··· Data for the task ···
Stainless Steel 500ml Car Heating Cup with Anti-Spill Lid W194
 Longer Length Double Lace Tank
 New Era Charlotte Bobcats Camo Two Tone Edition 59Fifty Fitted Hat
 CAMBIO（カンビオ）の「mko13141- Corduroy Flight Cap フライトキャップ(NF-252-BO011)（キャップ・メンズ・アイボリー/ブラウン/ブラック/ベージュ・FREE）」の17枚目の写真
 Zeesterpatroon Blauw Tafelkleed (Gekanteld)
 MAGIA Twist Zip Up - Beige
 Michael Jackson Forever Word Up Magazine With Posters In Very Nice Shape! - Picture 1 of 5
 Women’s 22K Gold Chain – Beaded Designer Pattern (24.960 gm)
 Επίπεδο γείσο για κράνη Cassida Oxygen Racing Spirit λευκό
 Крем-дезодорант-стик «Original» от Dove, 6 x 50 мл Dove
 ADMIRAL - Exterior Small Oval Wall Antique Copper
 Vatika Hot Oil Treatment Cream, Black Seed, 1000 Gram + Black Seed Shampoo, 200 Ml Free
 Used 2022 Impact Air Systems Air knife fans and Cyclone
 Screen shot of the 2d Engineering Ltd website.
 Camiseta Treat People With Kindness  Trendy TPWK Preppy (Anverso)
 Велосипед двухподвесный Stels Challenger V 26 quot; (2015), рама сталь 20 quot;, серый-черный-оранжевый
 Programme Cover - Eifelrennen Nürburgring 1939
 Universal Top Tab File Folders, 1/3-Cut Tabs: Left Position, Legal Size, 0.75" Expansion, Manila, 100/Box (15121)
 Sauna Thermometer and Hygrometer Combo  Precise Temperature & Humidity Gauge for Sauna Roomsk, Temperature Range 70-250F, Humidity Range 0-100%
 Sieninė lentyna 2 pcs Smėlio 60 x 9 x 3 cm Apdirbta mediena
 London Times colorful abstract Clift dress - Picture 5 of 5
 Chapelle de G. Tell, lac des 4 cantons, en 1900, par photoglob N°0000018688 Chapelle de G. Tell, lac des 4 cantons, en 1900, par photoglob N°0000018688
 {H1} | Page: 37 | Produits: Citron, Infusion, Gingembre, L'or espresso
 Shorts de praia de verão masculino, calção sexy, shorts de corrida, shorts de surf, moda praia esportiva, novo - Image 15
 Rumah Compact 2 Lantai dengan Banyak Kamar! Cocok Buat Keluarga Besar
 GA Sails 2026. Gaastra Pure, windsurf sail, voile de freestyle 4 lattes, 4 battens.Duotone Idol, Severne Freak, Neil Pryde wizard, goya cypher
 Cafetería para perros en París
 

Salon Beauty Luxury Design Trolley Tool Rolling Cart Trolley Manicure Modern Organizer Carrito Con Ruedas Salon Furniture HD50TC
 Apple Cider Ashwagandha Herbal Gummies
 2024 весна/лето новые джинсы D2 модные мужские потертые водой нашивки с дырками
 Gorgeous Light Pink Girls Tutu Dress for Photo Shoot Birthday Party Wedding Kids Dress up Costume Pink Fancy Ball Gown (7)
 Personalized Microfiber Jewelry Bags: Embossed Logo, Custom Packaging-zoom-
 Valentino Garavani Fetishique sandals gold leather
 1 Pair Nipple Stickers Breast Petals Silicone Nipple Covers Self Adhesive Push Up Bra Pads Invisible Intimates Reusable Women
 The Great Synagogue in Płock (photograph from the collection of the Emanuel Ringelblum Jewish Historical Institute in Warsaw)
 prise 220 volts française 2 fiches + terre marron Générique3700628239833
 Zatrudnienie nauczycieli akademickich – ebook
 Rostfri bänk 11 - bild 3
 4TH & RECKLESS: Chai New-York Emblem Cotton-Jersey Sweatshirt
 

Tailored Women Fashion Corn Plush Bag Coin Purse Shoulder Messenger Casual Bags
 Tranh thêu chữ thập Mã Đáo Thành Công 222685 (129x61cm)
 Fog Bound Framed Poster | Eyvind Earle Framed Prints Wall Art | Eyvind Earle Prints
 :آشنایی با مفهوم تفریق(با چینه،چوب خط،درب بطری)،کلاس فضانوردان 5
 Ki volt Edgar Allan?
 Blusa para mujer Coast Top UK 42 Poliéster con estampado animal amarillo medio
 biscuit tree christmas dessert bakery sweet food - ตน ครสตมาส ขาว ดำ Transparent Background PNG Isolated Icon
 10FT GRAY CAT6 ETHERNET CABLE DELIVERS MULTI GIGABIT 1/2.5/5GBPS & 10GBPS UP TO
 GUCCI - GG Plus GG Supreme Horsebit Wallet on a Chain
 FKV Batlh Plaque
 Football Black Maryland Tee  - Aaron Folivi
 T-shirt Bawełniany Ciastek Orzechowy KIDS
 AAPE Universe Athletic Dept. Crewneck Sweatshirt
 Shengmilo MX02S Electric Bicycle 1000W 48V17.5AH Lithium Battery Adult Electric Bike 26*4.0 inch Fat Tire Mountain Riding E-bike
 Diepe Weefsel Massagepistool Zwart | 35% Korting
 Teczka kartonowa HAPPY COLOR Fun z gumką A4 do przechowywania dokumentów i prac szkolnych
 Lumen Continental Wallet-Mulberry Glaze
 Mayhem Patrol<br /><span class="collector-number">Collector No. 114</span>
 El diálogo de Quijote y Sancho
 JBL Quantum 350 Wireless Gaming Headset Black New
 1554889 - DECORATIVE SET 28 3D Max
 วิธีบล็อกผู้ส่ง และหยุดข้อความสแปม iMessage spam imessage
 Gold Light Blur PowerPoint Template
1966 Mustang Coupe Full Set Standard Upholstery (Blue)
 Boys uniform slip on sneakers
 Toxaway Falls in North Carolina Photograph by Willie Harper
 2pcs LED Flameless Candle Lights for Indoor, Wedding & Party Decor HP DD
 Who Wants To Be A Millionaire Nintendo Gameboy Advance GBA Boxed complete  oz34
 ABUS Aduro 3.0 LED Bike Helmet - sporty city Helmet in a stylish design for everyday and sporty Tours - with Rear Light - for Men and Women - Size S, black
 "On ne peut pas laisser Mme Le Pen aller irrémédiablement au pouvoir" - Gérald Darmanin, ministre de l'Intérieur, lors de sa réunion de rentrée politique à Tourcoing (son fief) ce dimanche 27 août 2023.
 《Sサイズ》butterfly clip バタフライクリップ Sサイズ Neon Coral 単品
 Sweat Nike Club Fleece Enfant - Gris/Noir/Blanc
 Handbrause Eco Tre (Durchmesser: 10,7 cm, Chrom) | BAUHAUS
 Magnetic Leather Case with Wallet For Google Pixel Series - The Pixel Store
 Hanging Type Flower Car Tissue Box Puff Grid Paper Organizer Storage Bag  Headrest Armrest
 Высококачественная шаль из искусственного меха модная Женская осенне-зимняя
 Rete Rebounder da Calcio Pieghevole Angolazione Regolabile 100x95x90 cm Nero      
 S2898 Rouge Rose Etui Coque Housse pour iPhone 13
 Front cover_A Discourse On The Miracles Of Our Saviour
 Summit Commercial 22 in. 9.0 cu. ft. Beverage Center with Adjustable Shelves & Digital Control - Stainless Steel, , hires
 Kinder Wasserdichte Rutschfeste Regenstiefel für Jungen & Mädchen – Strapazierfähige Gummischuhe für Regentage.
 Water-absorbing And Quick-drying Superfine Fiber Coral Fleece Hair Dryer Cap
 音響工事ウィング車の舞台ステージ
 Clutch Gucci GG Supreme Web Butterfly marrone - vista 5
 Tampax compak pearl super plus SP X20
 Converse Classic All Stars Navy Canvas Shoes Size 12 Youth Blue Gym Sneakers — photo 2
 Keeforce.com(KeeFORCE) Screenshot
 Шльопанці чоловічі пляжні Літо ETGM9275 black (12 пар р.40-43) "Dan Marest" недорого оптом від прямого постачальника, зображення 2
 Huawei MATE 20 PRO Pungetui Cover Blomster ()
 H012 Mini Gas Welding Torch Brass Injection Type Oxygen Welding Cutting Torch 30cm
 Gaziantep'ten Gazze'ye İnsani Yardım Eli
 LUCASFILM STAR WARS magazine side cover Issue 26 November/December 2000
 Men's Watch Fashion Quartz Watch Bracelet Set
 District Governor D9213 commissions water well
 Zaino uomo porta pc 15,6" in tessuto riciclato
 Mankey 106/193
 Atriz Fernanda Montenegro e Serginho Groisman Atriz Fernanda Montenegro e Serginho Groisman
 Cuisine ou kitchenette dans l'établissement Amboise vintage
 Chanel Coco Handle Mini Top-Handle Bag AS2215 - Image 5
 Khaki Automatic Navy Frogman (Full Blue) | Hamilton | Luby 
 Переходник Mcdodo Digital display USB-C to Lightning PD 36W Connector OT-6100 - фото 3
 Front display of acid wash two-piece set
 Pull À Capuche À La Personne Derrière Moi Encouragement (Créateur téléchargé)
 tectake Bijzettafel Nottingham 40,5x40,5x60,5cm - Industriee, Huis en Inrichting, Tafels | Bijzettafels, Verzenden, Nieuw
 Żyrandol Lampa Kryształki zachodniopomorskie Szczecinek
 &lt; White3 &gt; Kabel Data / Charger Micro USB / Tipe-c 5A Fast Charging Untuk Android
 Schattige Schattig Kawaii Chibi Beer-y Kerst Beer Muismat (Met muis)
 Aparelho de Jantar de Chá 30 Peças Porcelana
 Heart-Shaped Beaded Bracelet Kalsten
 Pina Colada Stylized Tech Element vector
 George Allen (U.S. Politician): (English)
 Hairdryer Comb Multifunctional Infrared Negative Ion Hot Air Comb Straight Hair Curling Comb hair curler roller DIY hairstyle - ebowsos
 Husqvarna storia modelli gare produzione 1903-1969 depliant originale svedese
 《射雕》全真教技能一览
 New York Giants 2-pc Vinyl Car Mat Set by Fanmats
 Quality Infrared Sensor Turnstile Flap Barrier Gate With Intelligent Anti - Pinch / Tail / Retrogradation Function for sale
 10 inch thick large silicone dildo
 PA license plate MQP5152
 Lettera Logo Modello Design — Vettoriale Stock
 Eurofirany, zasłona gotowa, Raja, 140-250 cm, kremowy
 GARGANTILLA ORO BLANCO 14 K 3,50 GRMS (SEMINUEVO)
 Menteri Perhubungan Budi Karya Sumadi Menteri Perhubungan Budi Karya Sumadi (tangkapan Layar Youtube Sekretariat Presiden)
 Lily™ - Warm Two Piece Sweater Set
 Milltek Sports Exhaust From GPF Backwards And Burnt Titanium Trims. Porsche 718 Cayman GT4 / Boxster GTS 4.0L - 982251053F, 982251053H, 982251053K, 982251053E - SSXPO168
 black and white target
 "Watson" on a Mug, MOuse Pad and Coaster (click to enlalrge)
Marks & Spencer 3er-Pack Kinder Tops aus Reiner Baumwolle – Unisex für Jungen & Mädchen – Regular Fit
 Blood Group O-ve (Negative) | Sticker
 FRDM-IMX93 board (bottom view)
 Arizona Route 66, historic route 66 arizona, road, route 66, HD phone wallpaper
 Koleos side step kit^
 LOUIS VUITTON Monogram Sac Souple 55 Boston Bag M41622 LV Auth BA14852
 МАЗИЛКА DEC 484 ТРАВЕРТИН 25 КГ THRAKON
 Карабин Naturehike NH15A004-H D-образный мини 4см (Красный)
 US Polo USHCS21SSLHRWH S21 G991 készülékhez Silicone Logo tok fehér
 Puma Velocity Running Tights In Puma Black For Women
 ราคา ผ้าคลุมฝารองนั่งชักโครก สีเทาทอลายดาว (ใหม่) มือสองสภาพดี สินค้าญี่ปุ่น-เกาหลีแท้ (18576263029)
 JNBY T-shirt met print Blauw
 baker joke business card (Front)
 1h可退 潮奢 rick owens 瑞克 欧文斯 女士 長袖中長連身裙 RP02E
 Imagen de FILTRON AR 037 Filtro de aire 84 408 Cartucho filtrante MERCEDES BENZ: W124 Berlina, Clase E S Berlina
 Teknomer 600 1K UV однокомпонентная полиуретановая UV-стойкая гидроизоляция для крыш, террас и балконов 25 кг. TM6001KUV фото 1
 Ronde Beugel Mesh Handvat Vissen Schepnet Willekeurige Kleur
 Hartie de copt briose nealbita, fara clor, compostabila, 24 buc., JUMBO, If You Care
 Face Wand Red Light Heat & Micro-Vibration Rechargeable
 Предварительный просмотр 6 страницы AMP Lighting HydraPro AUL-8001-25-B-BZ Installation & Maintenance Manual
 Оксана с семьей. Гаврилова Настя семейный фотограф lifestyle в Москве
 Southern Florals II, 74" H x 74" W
···
A single figure is all that is needed: the number of lines above that contain the string "Supreme".

2